An educational repository to show rectified-flow training of class-conditional DiTs for image generation (~600 LoC). The repository draws inspiration from legendary works like nanoGPT, nanoVLM, and tries to do something similar for rectified-flow based image generation. It is meant to be hackable and a friendly starting point for folks wanting to get started in the area.
Core DiT implementation is in model.py
, adapted heavily from the original implementation. Training is implemented in the train.py
file. The repo has two dependencies -- torch
and torchvision
(needed for data loading).
The repo implements class-conditional DiT training with the butterflies
dataset. Download the dataset:
from huggingface_hub import snapshot_download
snapshot_download(
repo_id="sayakpaul/butteflies_with_classes", repo_type="dataset", local_dir="butterflies"
)
Start training:
python train.py
train.py
has reasonable defaults set as constants at the top of the file. Feel free to modify them as needed. Running the script as is yields the following loss curve:
The final step of intermediate result visualization yields:
By default, we train on the 64x64 resolution to keep the runtime short and memory requirements lower.
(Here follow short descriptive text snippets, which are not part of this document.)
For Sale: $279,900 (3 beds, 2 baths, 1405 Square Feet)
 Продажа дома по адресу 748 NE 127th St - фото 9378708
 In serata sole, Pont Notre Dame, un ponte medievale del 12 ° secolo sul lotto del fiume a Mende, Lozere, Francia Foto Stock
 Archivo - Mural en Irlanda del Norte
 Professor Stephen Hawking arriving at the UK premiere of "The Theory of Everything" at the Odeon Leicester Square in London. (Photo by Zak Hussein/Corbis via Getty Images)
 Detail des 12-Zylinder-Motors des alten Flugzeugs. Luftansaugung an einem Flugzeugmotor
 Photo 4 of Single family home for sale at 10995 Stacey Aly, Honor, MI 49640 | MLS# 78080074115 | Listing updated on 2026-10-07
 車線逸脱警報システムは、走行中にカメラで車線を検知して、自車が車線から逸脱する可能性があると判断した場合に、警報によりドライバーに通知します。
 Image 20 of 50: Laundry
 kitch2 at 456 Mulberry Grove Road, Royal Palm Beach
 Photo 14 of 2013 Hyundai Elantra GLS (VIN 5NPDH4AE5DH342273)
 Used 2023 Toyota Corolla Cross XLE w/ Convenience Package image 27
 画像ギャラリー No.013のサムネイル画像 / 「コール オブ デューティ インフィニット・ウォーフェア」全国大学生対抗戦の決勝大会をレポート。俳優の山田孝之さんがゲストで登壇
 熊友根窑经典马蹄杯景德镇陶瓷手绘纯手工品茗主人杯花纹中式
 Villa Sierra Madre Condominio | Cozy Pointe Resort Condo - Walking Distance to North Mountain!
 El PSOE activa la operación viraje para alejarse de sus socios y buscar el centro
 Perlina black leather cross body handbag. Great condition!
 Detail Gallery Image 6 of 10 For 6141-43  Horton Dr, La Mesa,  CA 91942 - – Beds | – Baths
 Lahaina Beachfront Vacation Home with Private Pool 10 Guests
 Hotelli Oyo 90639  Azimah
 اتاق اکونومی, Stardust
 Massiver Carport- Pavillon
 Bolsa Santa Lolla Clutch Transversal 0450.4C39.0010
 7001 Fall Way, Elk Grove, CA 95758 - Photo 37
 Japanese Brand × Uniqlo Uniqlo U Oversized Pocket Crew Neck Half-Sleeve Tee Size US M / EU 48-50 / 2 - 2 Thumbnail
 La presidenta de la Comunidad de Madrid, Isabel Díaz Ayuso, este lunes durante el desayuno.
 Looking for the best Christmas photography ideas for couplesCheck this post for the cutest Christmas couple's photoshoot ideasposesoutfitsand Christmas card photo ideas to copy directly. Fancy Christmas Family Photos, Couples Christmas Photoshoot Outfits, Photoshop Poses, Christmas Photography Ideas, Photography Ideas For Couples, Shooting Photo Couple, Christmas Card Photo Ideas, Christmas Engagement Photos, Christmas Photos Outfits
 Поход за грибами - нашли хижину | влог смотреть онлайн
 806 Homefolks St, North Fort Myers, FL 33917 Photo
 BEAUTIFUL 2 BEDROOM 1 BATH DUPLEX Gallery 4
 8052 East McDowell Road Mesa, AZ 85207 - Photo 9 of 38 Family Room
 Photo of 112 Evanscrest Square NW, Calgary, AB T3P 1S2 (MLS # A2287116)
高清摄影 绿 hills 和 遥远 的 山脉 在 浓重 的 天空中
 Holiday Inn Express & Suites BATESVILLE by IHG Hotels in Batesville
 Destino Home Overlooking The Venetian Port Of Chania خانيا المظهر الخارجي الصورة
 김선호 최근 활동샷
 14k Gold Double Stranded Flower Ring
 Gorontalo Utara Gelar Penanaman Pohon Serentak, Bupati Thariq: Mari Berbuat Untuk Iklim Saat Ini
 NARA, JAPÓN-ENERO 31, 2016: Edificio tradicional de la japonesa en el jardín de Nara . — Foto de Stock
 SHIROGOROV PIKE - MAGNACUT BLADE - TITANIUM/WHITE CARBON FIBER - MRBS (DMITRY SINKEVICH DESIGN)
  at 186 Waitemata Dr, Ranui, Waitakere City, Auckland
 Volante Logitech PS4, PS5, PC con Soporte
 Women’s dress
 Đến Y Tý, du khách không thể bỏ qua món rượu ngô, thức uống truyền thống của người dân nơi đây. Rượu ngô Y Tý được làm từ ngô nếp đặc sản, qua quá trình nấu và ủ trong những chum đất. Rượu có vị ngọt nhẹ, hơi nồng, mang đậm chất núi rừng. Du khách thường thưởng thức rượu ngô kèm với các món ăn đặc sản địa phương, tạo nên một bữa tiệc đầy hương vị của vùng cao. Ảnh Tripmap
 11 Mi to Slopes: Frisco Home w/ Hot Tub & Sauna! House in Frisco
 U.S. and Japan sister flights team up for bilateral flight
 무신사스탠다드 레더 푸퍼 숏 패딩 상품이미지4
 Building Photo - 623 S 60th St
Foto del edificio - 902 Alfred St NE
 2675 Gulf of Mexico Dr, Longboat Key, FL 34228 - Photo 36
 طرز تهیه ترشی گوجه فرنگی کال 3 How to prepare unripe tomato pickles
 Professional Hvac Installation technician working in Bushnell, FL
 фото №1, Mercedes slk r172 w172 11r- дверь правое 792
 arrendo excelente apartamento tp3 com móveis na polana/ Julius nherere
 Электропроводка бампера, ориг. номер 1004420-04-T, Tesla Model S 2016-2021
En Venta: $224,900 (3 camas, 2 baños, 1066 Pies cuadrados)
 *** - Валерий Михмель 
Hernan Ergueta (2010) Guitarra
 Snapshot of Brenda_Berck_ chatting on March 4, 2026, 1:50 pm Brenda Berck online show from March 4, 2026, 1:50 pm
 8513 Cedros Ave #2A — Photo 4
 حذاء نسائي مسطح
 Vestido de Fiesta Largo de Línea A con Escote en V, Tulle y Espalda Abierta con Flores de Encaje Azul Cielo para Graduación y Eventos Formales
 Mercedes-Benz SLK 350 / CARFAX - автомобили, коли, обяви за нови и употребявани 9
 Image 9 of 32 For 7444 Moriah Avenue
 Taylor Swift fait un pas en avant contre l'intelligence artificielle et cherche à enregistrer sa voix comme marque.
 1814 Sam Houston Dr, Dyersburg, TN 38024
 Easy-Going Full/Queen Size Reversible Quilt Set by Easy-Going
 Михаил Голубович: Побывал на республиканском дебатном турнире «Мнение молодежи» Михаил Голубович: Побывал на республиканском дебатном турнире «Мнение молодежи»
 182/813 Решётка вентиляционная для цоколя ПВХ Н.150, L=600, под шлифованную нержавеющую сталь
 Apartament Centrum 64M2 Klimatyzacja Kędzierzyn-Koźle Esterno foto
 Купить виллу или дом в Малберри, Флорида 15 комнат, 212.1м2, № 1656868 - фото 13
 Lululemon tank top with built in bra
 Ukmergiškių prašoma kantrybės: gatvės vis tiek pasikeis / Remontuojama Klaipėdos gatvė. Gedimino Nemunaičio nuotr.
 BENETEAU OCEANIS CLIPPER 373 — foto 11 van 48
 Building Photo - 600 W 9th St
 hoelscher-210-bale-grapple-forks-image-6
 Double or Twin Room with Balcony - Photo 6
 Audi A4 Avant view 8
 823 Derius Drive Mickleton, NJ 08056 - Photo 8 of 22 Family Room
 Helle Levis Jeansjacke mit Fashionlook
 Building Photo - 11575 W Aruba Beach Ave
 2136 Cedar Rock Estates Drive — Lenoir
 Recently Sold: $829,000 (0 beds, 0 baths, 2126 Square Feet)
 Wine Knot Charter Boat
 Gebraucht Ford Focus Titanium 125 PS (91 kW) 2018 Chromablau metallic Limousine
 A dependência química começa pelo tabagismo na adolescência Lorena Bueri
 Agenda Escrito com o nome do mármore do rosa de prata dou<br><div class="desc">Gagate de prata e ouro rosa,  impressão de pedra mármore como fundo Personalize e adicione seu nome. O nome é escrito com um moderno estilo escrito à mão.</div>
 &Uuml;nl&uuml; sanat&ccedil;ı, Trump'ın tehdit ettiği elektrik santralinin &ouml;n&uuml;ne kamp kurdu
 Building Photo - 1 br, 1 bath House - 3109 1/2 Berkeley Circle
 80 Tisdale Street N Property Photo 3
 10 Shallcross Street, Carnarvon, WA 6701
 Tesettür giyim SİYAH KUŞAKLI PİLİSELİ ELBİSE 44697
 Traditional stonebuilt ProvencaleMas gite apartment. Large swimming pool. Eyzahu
If you're running training on MPS, please change the DEVICE
accordingly. The iterative sampling process for inference is implemented in the sample_conditional_cfg()
function already.
The repo aims at bringing the essential components while striving to be minimal and reasonable:
- Pixel-space instead of latent-space because VAE is a separate magic which was purposefully discarded from this repo.
- DiT as the base architecture, as this is the core behind modern models like Flux.
- Class-conditional to show how to embed conditions other than just timesteps.
- Rectified flows for a simpler alternative to DDPM-style diffusion training.
- You can fiddle around with the model and the training setup on your local laptop.
- Implements classifier-free guidance for training and inference, as it's a common practice.